● EXTRACTED MATERIAL
-*-*-

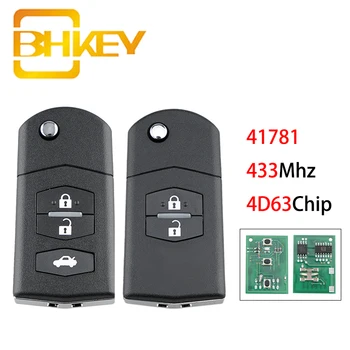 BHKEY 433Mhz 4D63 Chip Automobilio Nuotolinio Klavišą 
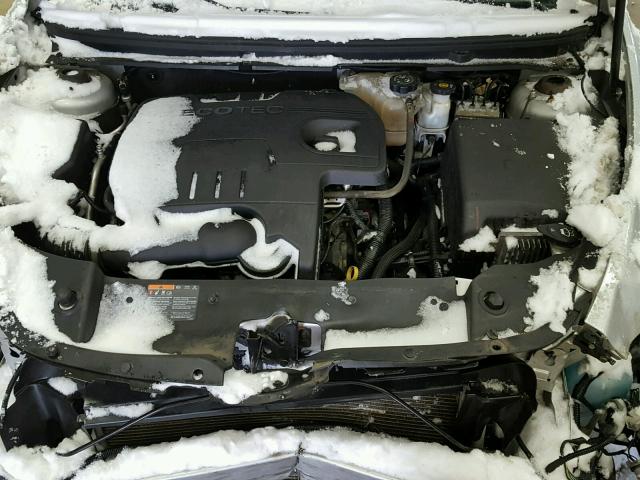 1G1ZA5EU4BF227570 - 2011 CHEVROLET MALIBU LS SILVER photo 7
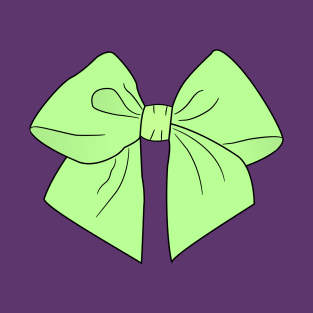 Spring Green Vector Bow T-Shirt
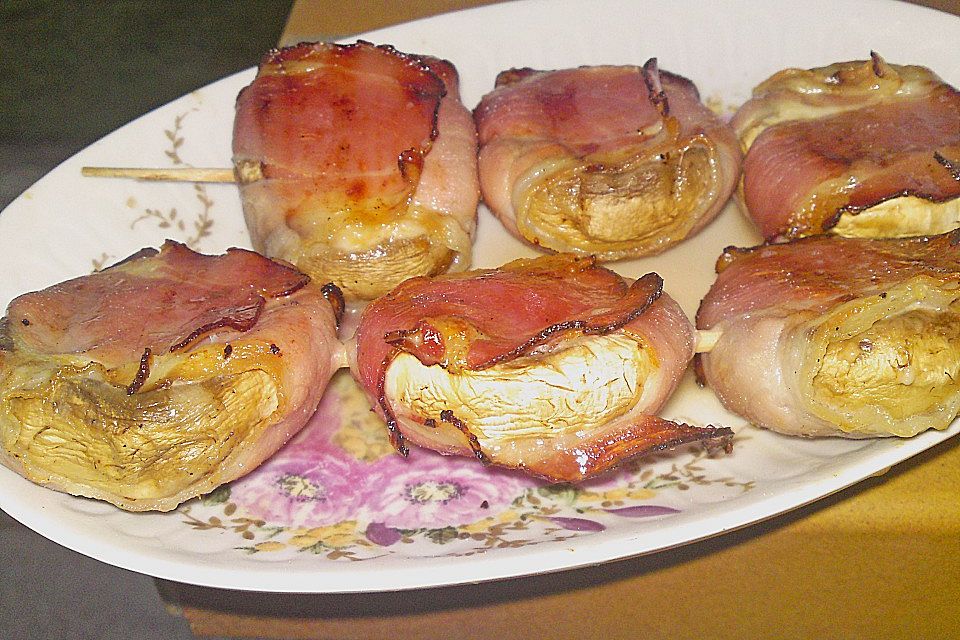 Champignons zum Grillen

-*-*-

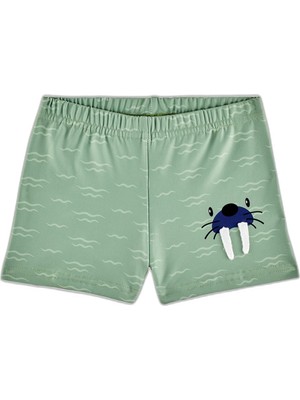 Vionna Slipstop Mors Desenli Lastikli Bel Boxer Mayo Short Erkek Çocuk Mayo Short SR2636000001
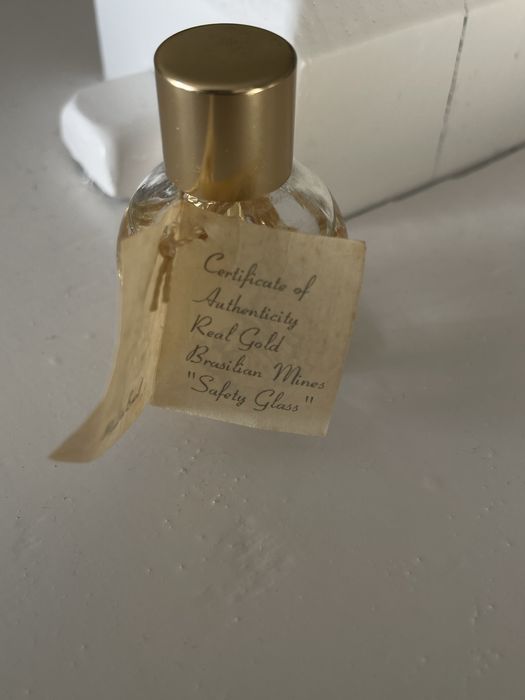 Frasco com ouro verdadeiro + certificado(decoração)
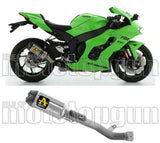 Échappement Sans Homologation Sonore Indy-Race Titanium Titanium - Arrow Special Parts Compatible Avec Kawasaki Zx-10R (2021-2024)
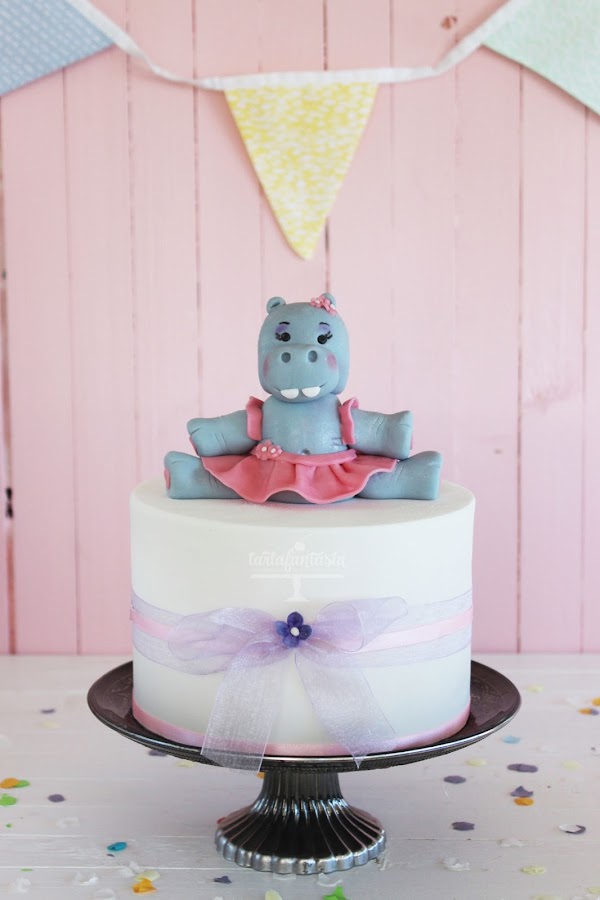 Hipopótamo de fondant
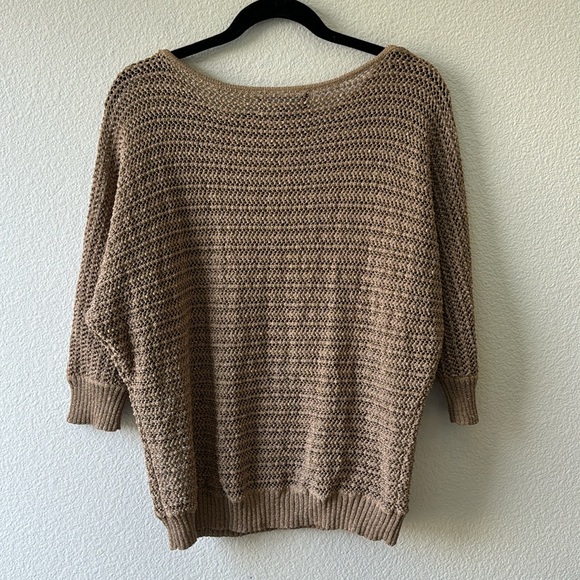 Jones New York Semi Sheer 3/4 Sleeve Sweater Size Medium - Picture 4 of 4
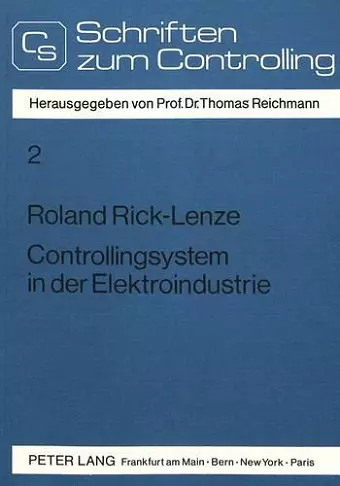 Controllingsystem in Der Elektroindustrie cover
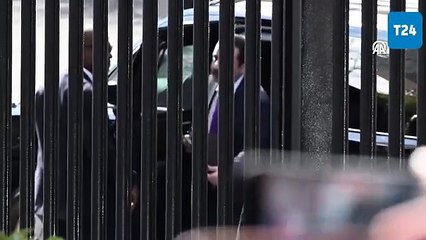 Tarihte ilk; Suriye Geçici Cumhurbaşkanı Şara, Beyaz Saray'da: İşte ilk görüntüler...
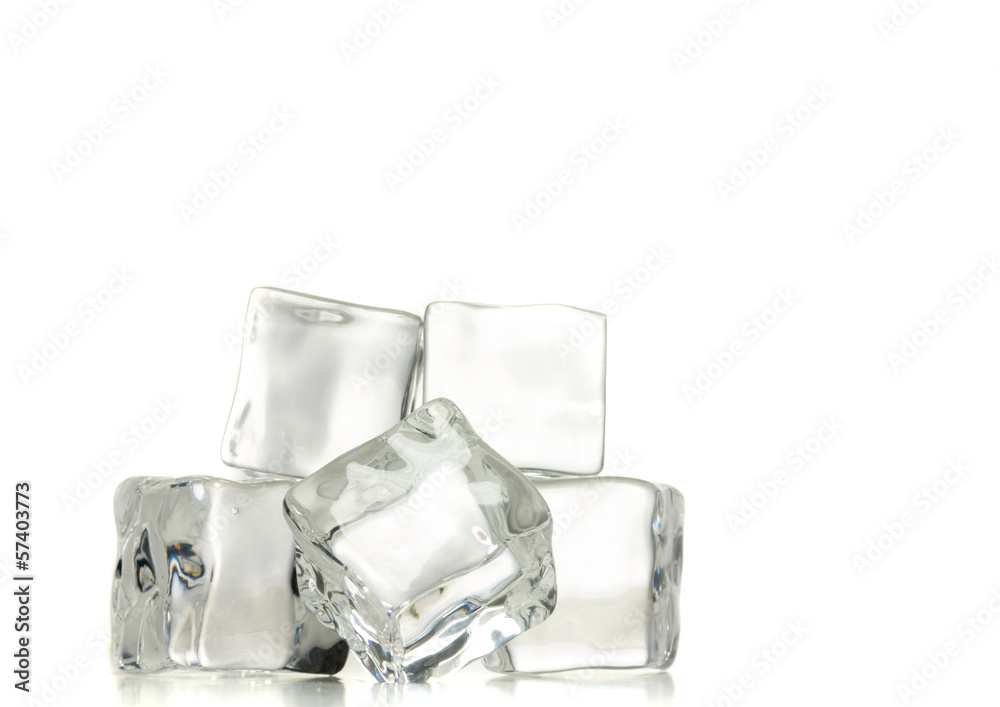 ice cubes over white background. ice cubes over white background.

-*-*-

● WHAT THE TASK REQUIRES
Using the entries above, extract exactly the lines from the one that contains "BHKEY 433Mhz 4D63" through the one that contains "Champignons zum Grillen". Do not carry over any pictures.

● RESULT OF THE TASK
 BHKEY 433Mhz 4D63 Chip Automobilio Nuotolinio Klavišą 
 1G1ZA5EU4BF227570 - 2011 CHEVROLET MALIBU LS SILVER photo 7
 Spring Green Vector Bow T-Shirt
 Champignons zum Grillen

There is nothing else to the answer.